主题：On Data Reduction of Big Data
主办单位：统计研究中心 统计学院 科研处
杨敏,其博士于2002年毕业于美国伊利诺伊大学芝加哥分校,现为美国伊利诺伊大学芝加哥分校教授,其研究方向包括实验设计，统计推断，抽样调查、纵向数据分析等。至今主持了美国自然科学研究基金项目5项；现为Statistica Sinica和JASA副主编，也是Journal of Statistical Theory and Practice的客座主编。在JASA和Annals的国际顶级期刊上发表文章12篇。
The big data paradigm has drawn a significant amount of attention in recent years as costs of acquiring and storing data have plummeted. Instead, bottlenecks have been shifted to fast and in-depth analysis. However, this shift has created its own set of problems, the most obvious one is that large datasets are often computationally expensive to process.
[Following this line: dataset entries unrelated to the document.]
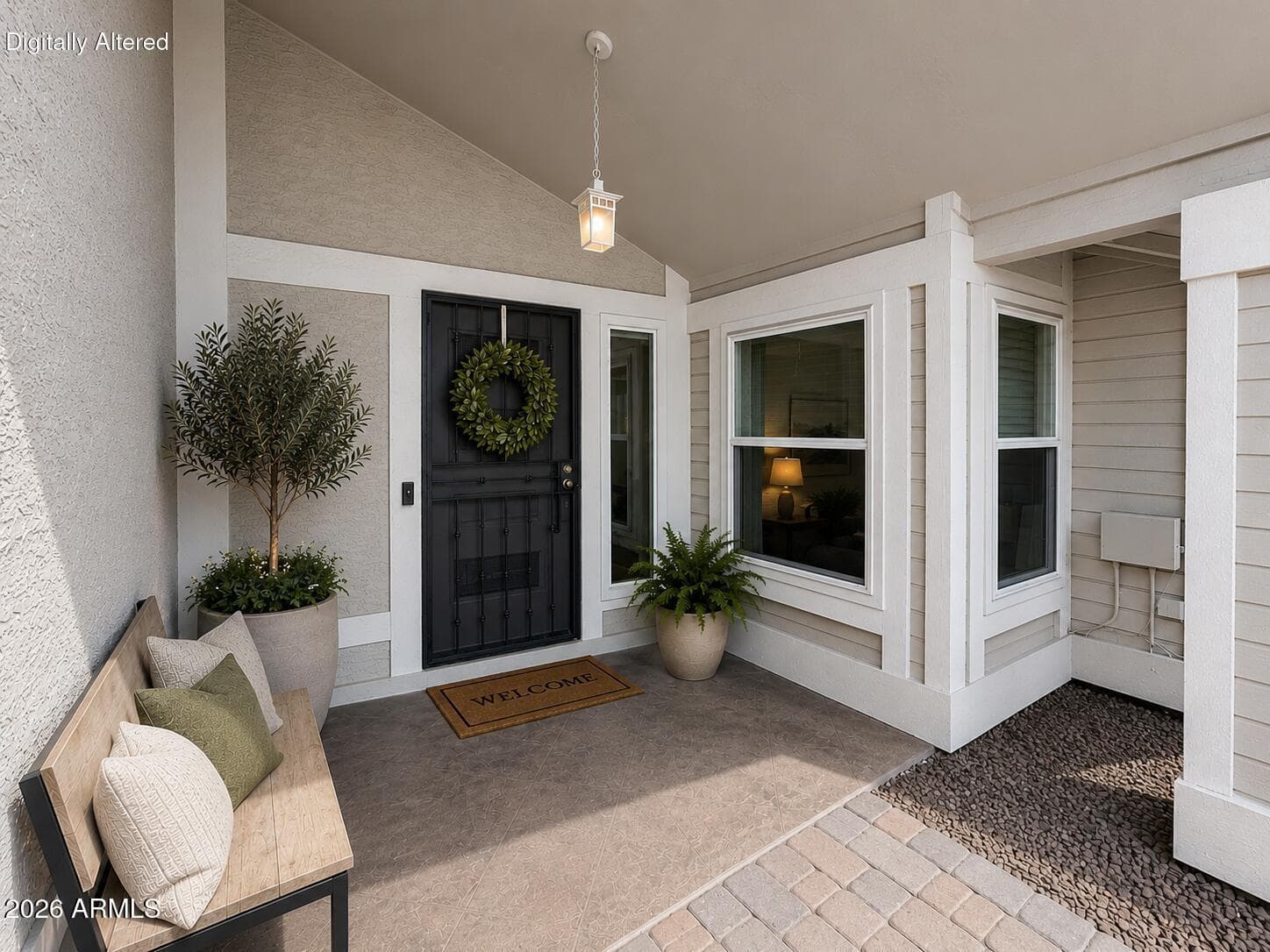 11590 N 109TH Street, Scottsdale, AZ 85259 — photo 3 of 56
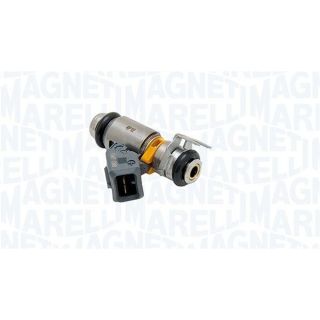 Purkštukas MAGNETI MARELLI 805001399403
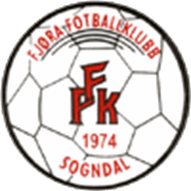 Logo Fjøra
Proven statistical methods are no longer applicable with extraordinary large data sets due to computational limitations. A critical step in Big Data analysis is data reduction. In this presentation, I will review some existing approaches in data reduction and introduce a new strategy called information-based optimal subdata selection (IBOSS). Under linear models set up, for both moderate and large number of covariates, theoretical results and extensive simulations demonstrate that the IBOSS approach is superior to other approaches in term of parameter estimation and predictive performance. The results show that IBOSS strategy addresses the tradeoff between computation complexity and statistical efficiency adequately. Some ongoing research work as well as some open questions will also be discussed.